# Stripped out external torx head bolt



## JIMMIEM (Nov 17, 2016)

Easy out. Drill into the bolt. The easy out has reverse threads so as you tighten it into the bolt you will be turning the bolt counterclockwise.


----------



## Randy Bush (Dec 9, 2020)

Take a steel drift pin and hammer on the end of the bolt than buy a new quality socket and see if that will work. Being a head bolt , harden steel and will be hard to drill and I am not sure a easyout will even work.


----------



## HotRodx10 (Aug 24, 2017)

This sounds like a job for Superman Vicegrips.


----------



## Thom Paine (Nov 24, 2021)

The bolt head is rounded ? How'd that happen ? 

You'll need to square the edges or cut new ones... 

Heat from the cutting / grinding may act to loosen the bolt. 

Use a torch to heat the bolt.

Rapidly Hit the bolt heads with light to medium force to break loose (ball peen)

Air chisel with a flat shank .. to hit and vibrate the bolt.

Aluminum heads ? Be cautious !


----------



## Randy Bush (Dec 9, 2020)

A 12 point socket has to be used on this, that's why it is very important a new socket be used. Not sure heating will help much, a lot of heat needed to reach the threads.


----------



## raylo32 (Nov 25, 2006)

First try vise grips. There are also many damaged nut sockets out there that claim to be able to grip almost anything. But it might be hard to find one that fits right and tight enough. One other option: take an angle grinder or Dremel... or better, a small air grinder, and shape the nut to accept a 6-point socket. Do it slowly test fitting your socket along the way. When it is close, hammer it on and give it a go.

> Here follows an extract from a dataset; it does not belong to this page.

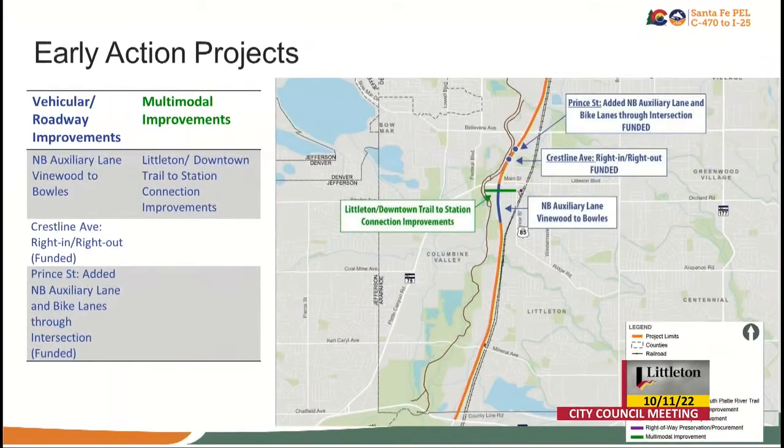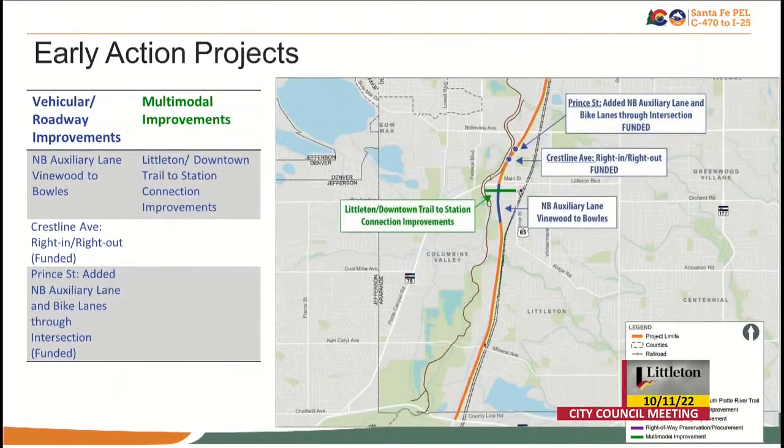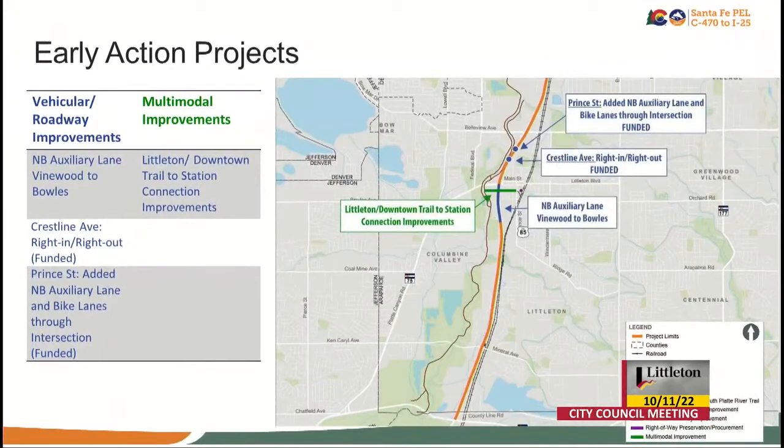In the case of these early action projects, one thing that Jacob didn't hit on is that one of those is partially being done now also. The northbound auxiliary lane, Vinewood to Bold, it's not going to go all the way back to Vinewood — it's only going to go to Church. But it's basically a re-striping exercise that CDOT identified as part of the improvements we're making at Crestline and Prince also.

Last resort, grind/cut the bolt head off and remove the cylinder head. Then it would be easy to spray penetrating oil in the stub and grab it with vice grips.

Good luck.


----------



## huesmann (Aug 18, 2011)

Unlikely to be able to get vise grips in there.

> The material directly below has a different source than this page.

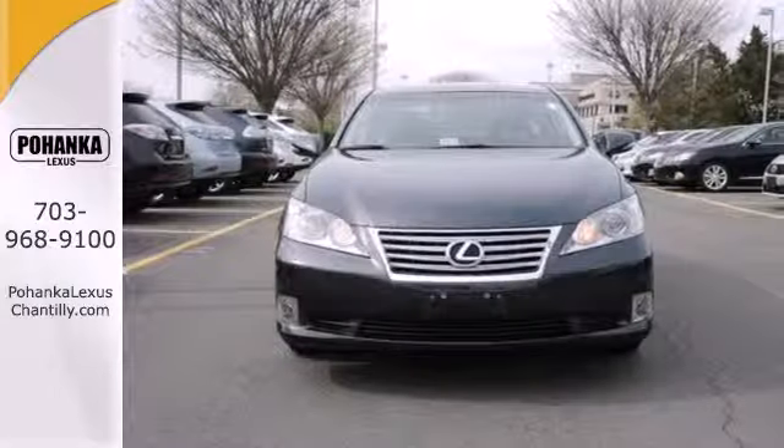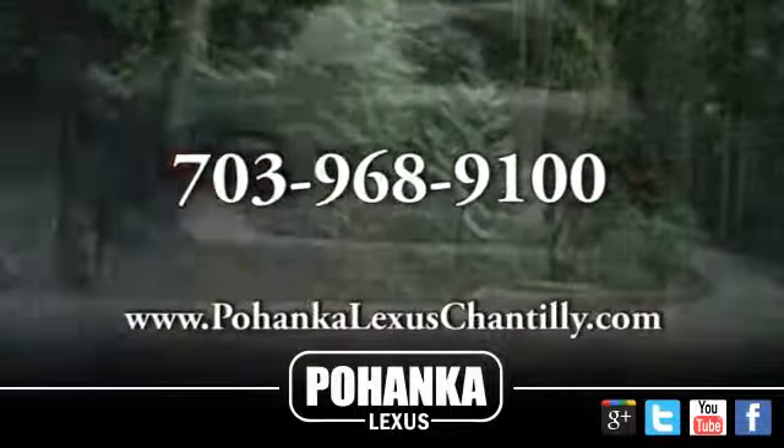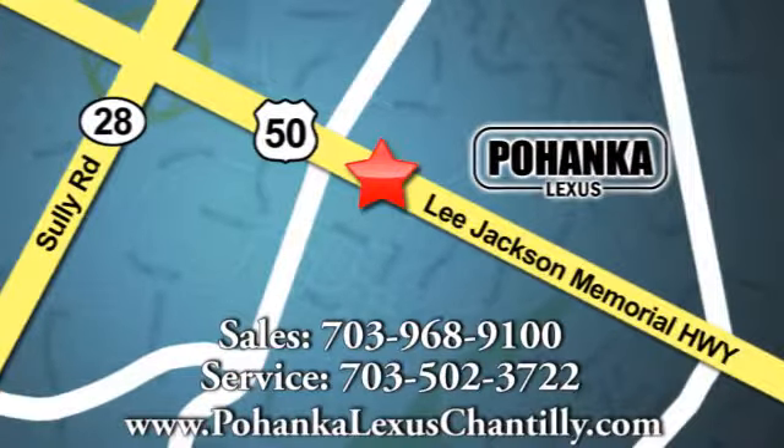Experience it for yourself when you test drive it today. Call us now for more information on this vehicle or visit today. We're conveniently located at 13909 Lee Jackson Memorial Highway in Chantilly.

Might a bolt extractor work?


----------



## HotRodx10 (Aug 24, 2017)

huesmann said:


> Unlikely to be able to get vise grips in there.


Yeah, if it's like that, you're probably right.


----------



## raylo32 (Nov 25, 2006)

Yup, that's the type of tool I was referring to. I have a set around here somewhere, but I haven't had occasion to try them yet. I will try them one of these days on the smaller bolts of my transmission oil pan whose heads are too rusty to take a chance with just standard sockets. I got these removal tools to "be prepared".




huesmann said:


> Unlikely to be able to get vise grips in there.
> 
> Might a bolt extractor work?
> View attachment 693735


----------



## Nealtw (Jun 22, 2017)

The old trick was to set a bigger nut on top of it and weld down thru the center of the nut to the top of the bolt. 
The head is likely warped.


----------



## sestivers (Aug 10, 2007)

Is there enough stud length available to put a thin nut and then a thin jam nut on? then you can extract with a regular socket head.


----------



## huesmann (Aug 18, 2011)

Tap what's left of the bolt head with a reverse thread tap and put a reverse thread nut on?

And soak the bolt in some penetrant (_not_ WD-40) before you try removing it?


----------



## raylo32 (Nov 25, 2006)

Looks like the OP is another one post wonder so we will never know how this turned out. I hate it when that happens!


----------